Paul Hart

As I mentioned in passing in my previous post, I’ve started doing some iPhone development again. Last time I developed an application for playing soundboards (ignore the Flash-specificity) on the device, and creating them via a web application. This time, I’ve decided to create a game.

The cocos2d-iphone library seems to be the best option available for creating two-dimensional games. It’s been proven in production games many times, and several of the most successful iPhone games have been developed with it. The latest distributions include built-in support for a couple of physics libraries, Chipmunk and Box2D.

My game doesn’t use gravity (the core mechanic is a top-down tower defence thing), but physics libraries offer some useful characteristics that have made my game easier to develop.

What a Creep

Tower defence gameplay takes place on a grid. Two points in the grid are occupied at the start of the game – one is the location from which the creeps (bad guys) will start, and the other is the destination they want to reach. The player can place towers anywhere on the grid to shoot at the creeps and impede their movement, so long as the creeps can still reach the destination. Creeps will spawn from the start point at intervals.

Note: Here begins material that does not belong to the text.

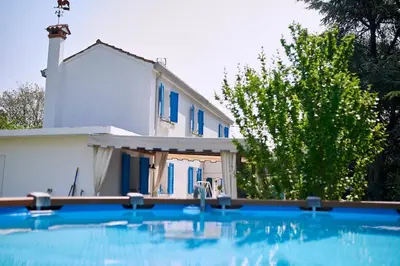 Piscina di Cà del Mar rustico a Jesolo con giardino e piscina privati ad uso esclusivo # o nelle vicinanze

The dynamic layout of towers in the grid means that the creeps must be able to figure out the optimal path to their destination. There is a standard algorithm for doing this called A* (and Alexander Bussman has done all the heavy lifting with some great sample code). This pathfinding algorithm tells me which direction the creep should move in next, but it doesn’t manage the movement itself.

I didn’t want to have to track the location of each creep all the time, so I decided to use chipmunk to manage the movement of the creeps. With chipmunk it is very simple to define a speed vector for each object in the game space. I can also define a number of other characteristics for the object, such as the shape of its body (the area I state it displaces in the game space), and a “collision type” that tells the engine what kind of object it is. I can also write functions than handle collisions between different types of objects, so they are handled in various manners.

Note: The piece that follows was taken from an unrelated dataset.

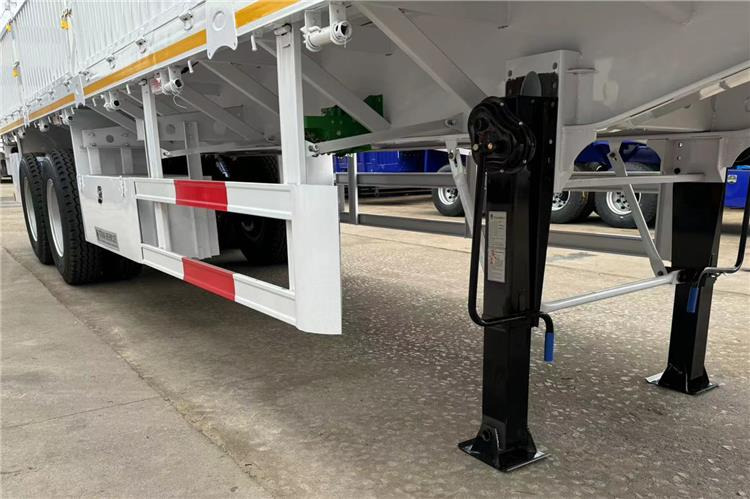 TITAN 2 Axle 60 Ton Fence Stake Semi Trailer for Sale in Ghana - Livestock semi-trailer: picture 5 TITAN 2 Axle 60 Ton Fence Stake Semi Trailer for Sale in Ghana - Livestock semi-trailer: picture 5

Now that the creeps have a “physical presence” in the game world, I needed to be told when they got to interesting points in the map (i.e. places where they might have to change direction). I created phantom bodies in the game space that the creeps would “bump into”, and associated the two collision types of the creeps and the phantoms with a callback function. When the function is called, I make the creep recalculate its path to the destination square on the grid and change direction if needed. For the purposes of the physics engine, I ignore the collision.

Bang Bang, Shoot Shoot

I decided early on that I wanted the towers to target a single creep while it remained within range, and that the bullets should home in on that creep. Unfortunately I can’t use the physics engine to find the collision between the bullet and the one creep that its targeting, but chipmunk does make the homing very simple.

By defining a location of the bullet, I can calculate the current distance vector between the bullet and its target. I can then set the velocity of the bullet to have the same direction as the distance vector, and even apply an angle (just because an object is moving in a particular direction doesn’t mean it’s pointing in that direction).

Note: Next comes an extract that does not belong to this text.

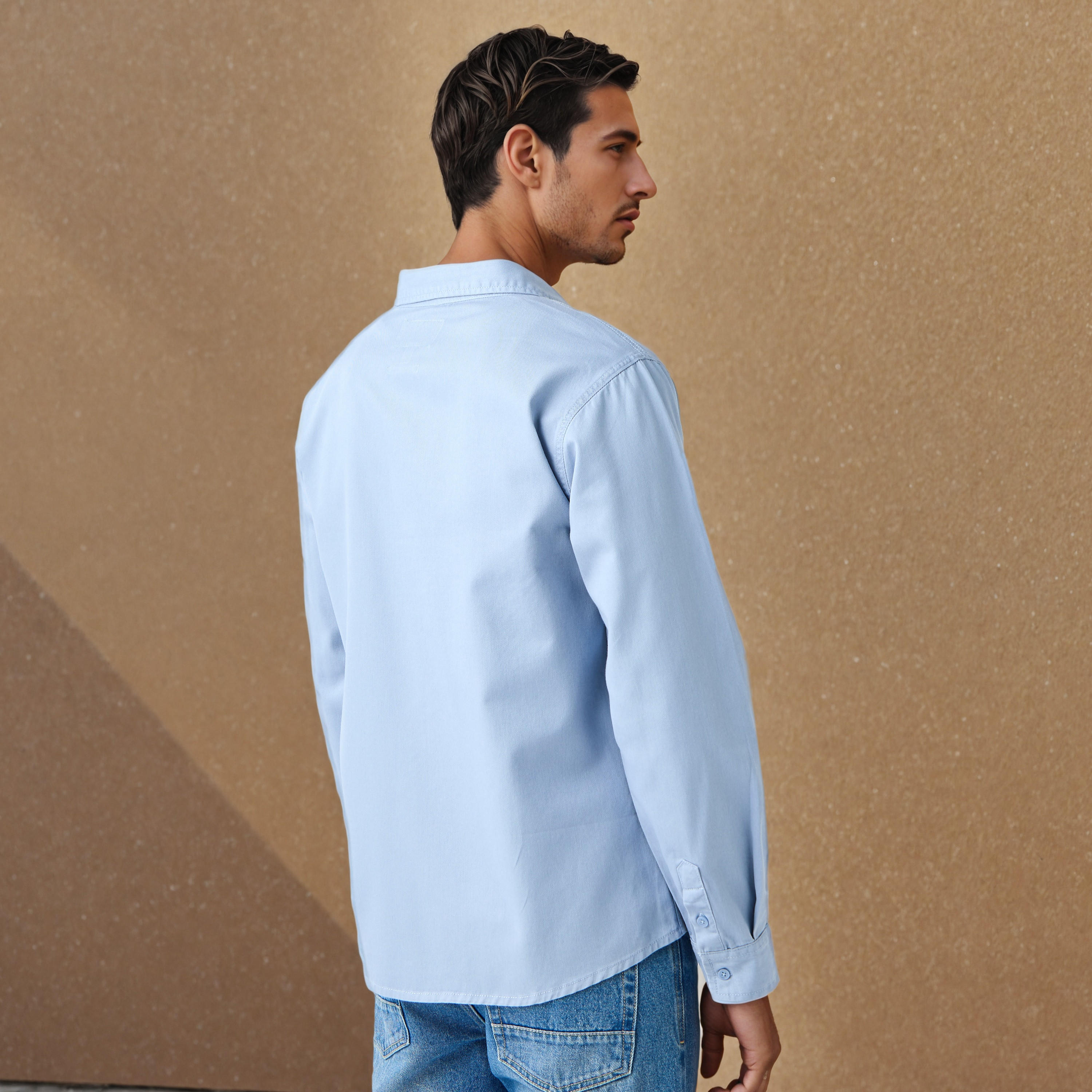 قميص بقصة عادية وأكمام طويلة-men-clothing-shirts-image-3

With each tick of the game state I check all in-flight bullets to see if they’ve hit their targets. If so, I apply damage as appropriate and remove the bullet from the visible gameplay. If the target has disappeared, the bullet is also removed.

An Easier Life

While I may not have used the chipmunk physics engine as intended, having access to its large feature set has been valuable in simplifying my code development. Admittedly, sometimes the documentation is lacking, but there are many examples online explaining how it can be put to use.